A whistleblower informed the government of the scheme in 2018.

Stimwave has signed a nonprosecution agreement, admitting to its role in the scheme, and agreeing to pay a $10,000,000 monetary penalty. For the next three years, it will maintain an adequate compliance program that includes hiring a chief compliance officer, holding regular compliance committee meetings, and cooperating fully with the government.

“Individuals and companies that manufacture and distribute medical devices with nonfunctional components put the health of patients at significant risk. We will continue to pursue and bring to justice those who jeopardize the health of their patients and of the public,” said FDA-OIC special agent in charge Fernando McMillan, in a statement.

A plastic knockoff
Following FDA clearance in 2017, Perryman and Stimwave launched the StimQ PNS System, a neurostimulator for treating chronic pain in the peripheral nerves. It was made up of an implantable electrode array (the lead); an externally worn battery; and a separate, 23-centimeter implantable receiver known as the pink stylet, which contained copper to transmit energy from the battery to the lead.
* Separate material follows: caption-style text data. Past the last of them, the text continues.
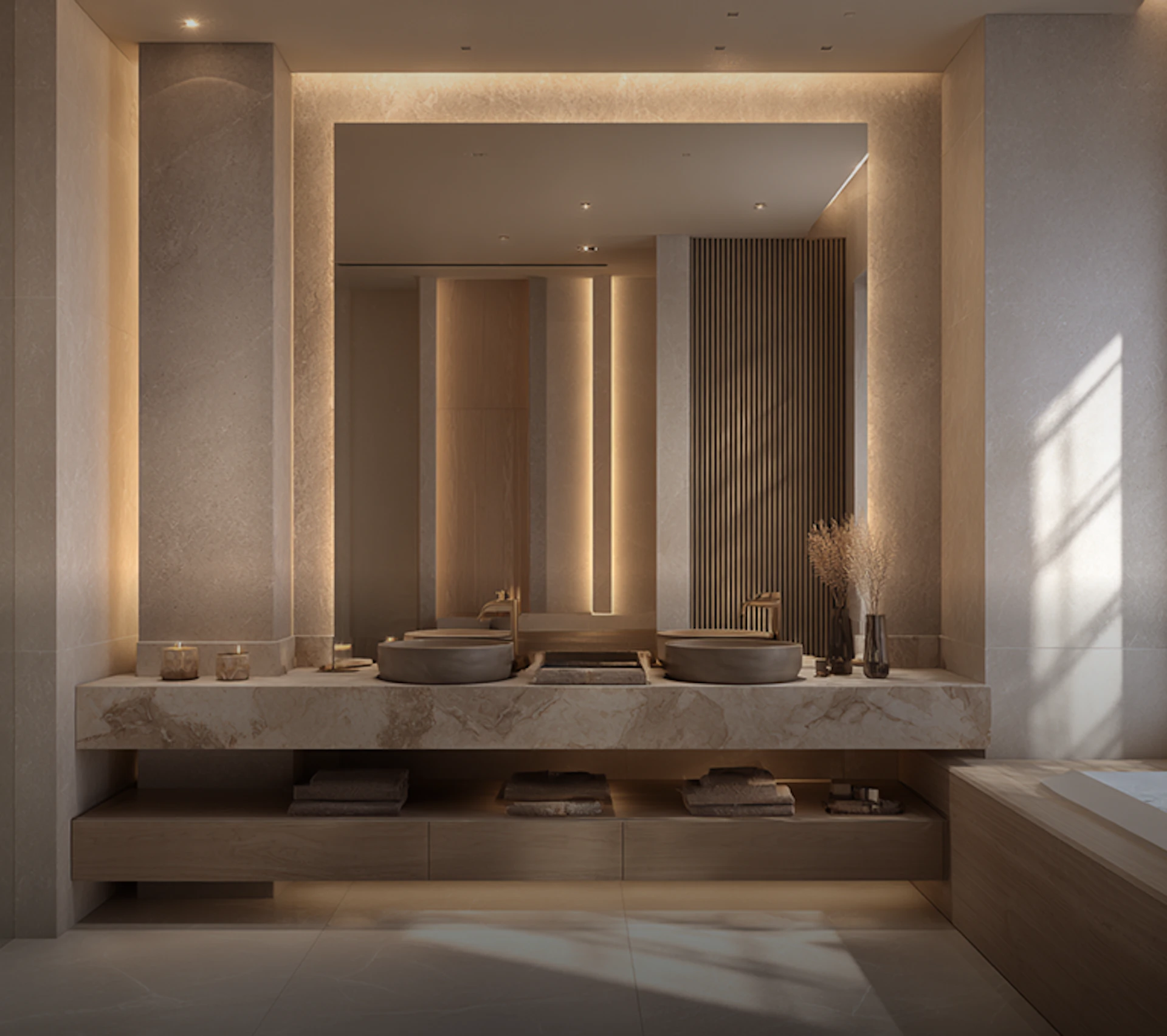 حمام حديث بتصميم أنيق، يتميز بإضاءة مخفية تجمل الحوائط الرخامية الفاتحة وحوضين دائريين على سطح رخامي، مع لمسات طبيعية من الديكور والنباتات المجففة.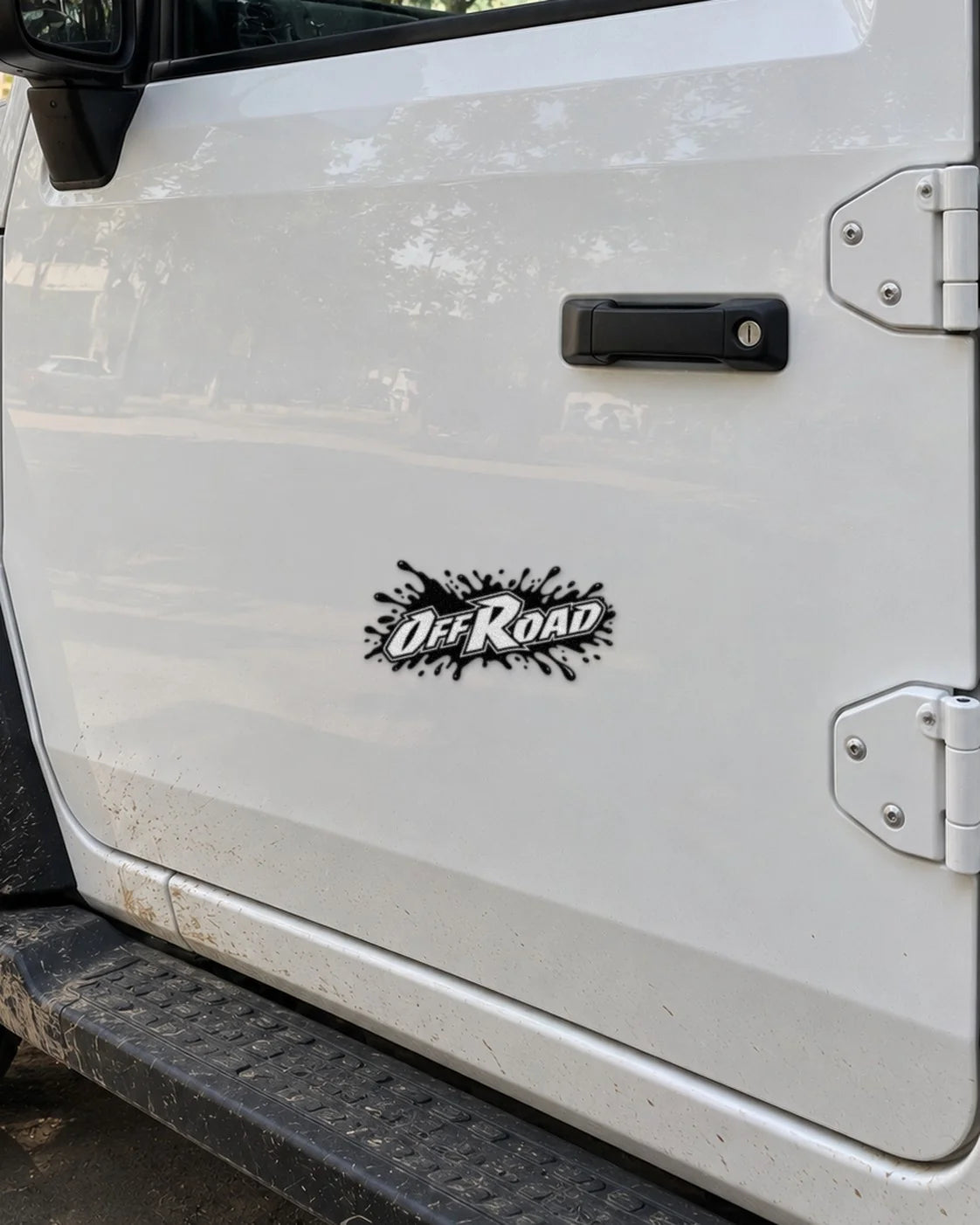 Off Road car patch in black on a car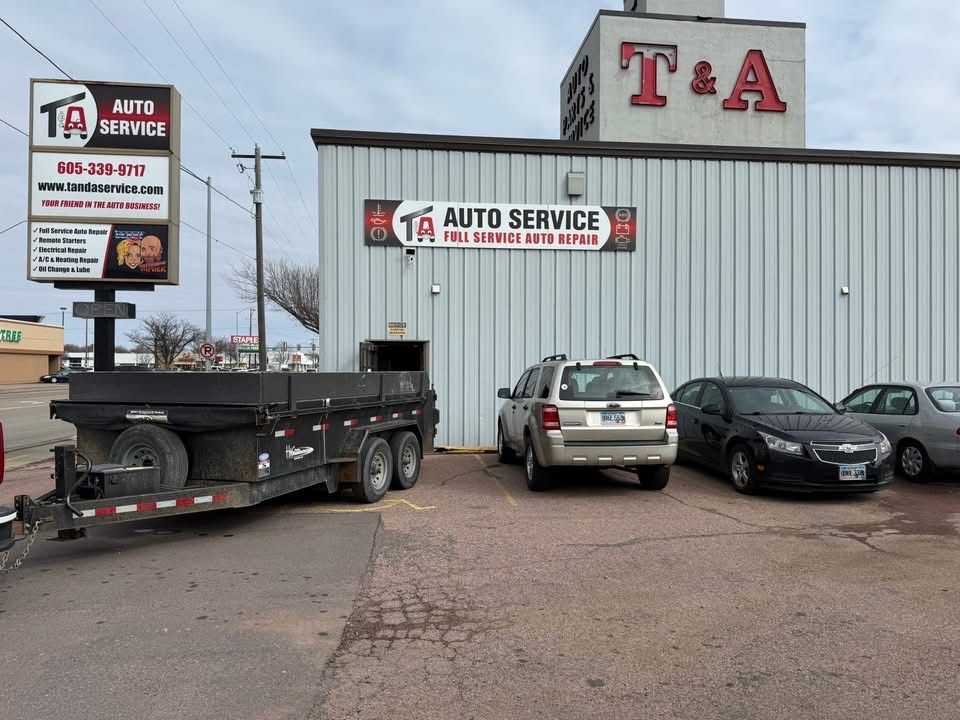 T&A Auto Service storefront with parked cars and a flatbed trailer in front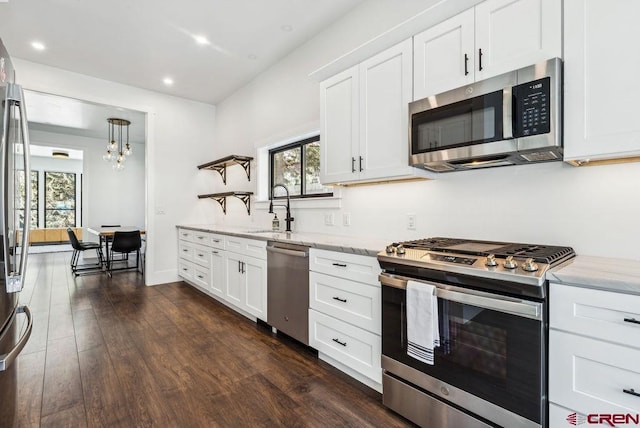 kitchen with light stone countertops, sink, stainless steel appliances, dark hardwood / wood-style floors, and white cabinets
Soon after, doctors told Perryman that the stylet was too long to implant in certain patients. Unfortunately, the stylet could not be trimmed down, as it would interfere with its functionality.

Stimwave sold each device for approximately $16,000, with doctors able to be reimbursed between approximately $4,000 and $6,000 for the lead, and $16,000 and $18,000 for the Pink stylet from insurers, including Medicare. Knowing that lack of a receiver would cost doctors financially and make it more difficult for the company to sell the device at the $16,000 price tag, Perryman instructed her company to make a white stylet that could be cut to size and fit into smaller anatomical spaces.

Unlike its pink predecessor, the white stylet was made entirely of plastic and had no copper, making it nonconductive and merely an "inert, nonfunctioning" knockoff. Yet, Stimwave, under Perryman's authority, sold it at the same price and did not recommend to doctors not to implant the device or receiver in cases where the pink stylet did not fit comfortably.